Peristiwa di Langsa, Aceh, menjadi bukti nyata bagaimana komunikasi yang tidak jelas bisa berujung pada penderitaan masyarakat. Warga korban banjir yang seharusnya mendapat akses internet gratis justru diminta membayar. Ada yang dikenakan tarif Rp20 ribu per jam, bahkan ada yang hanya menggunakan lima menit namun tetap dibebankan biaya Rp5 ribu. Bayangkan situasinya: orang-orang yang kehilangan tempat tinggal dan butuh akses informasi atau ingin menghubungi keluarga, malah harus berhadapan dengan pungutan liar.

 

Memang benar, investigasi lebih lanjut mengungkap bahwa pungutan tersebut bukan berasal dari perangkat Starlink bantuan pemerintah, melainkan dari perangkat pribadi yang disewakan. Namun, bagaimana masyarakat di lokasi bencana bisa membedakannya?
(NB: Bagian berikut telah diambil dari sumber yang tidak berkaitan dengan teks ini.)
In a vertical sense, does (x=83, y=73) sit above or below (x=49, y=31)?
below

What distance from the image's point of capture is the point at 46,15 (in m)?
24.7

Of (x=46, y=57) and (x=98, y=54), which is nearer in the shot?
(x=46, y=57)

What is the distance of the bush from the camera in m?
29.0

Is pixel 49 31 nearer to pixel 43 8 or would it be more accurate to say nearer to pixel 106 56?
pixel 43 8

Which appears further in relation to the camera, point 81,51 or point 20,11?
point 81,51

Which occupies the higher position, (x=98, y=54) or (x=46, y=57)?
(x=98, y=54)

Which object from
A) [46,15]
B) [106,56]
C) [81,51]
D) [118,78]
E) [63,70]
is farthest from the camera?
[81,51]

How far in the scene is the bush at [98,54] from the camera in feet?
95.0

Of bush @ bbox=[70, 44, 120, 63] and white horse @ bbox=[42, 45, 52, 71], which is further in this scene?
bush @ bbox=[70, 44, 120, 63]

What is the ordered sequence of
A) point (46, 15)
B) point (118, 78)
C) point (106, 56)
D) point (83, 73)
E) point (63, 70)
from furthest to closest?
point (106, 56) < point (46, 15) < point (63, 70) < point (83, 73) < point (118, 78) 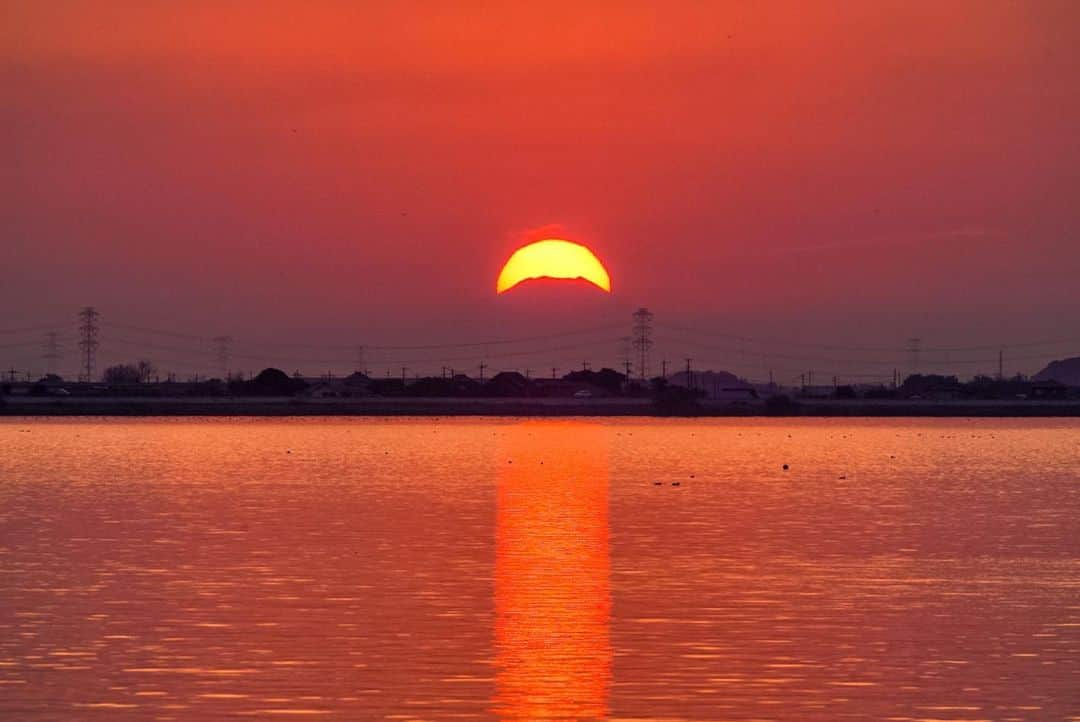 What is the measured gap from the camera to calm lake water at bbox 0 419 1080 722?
2542 cm

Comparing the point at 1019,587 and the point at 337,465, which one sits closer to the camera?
the point at 1019,587

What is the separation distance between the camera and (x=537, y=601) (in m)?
36.0

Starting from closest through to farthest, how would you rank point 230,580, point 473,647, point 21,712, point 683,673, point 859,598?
point 21,712
point 683,673
point 473,647
point 859,598
point 230,580

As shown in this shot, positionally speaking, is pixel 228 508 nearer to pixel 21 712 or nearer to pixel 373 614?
pixel 373 614

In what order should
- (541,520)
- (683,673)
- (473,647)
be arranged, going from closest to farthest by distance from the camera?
(683,673), (473,647), (541,520)

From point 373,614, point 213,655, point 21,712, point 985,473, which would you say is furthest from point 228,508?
point 985,473

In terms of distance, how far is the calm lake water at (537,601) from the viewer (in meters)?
25.4

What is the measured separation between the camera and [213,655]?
2877 cm

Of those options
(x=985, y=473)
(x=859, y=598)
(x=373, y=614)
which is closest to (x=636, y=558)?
(x=859, y=598)

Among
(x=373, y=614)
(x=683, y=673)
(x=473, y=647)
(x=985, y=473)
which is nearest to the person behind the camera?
(x=683, y=673)

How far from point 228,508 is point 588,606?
98.5 feet

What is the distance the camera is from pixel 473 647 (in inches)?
1173

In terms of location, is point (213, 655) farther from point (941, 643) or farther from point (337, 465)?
point (337, 465)

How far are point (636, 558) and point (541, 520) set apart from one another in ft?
42.7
Bentuk perangkatnya identik, mereknya sama, dan cara penggunaannya pun tidak berbeda. Tidak ada penanda jelas untuk membedakan mana Starlink gratis dari pemerintah dan mana yang berbayar milik swasta.

 

TNI Angkatan Darat akhirnya mengeluarkan klarifikasi bahwa layanan Starlink untuk korban bencana sepenuhnya gratis hingga akhir Desember karena biaya ditanggung penyedia layanan. Sayangnya, klarifikasi ini datang terlambat. Kerusakan sudah terjadi, kepercayaan publik tergores, dan kebingungan sudah menyebar luas.

 

Kini saatnya berbicara jujur. Generasi yang saat ini menduduki posisi kepemimpinan strategis memang tidak dipersiapkan untuk menghadapi era teknologi seperti sekarang. Ini bukan kesalahan mereka karena konteks zamannya memang berbeda. Mereka tumbuh ketika telepon masih menggunakan piringan putar, faks menjadi andalan komunikasi, dan internet masih mengandalkan koneksi dial-up yang lambat.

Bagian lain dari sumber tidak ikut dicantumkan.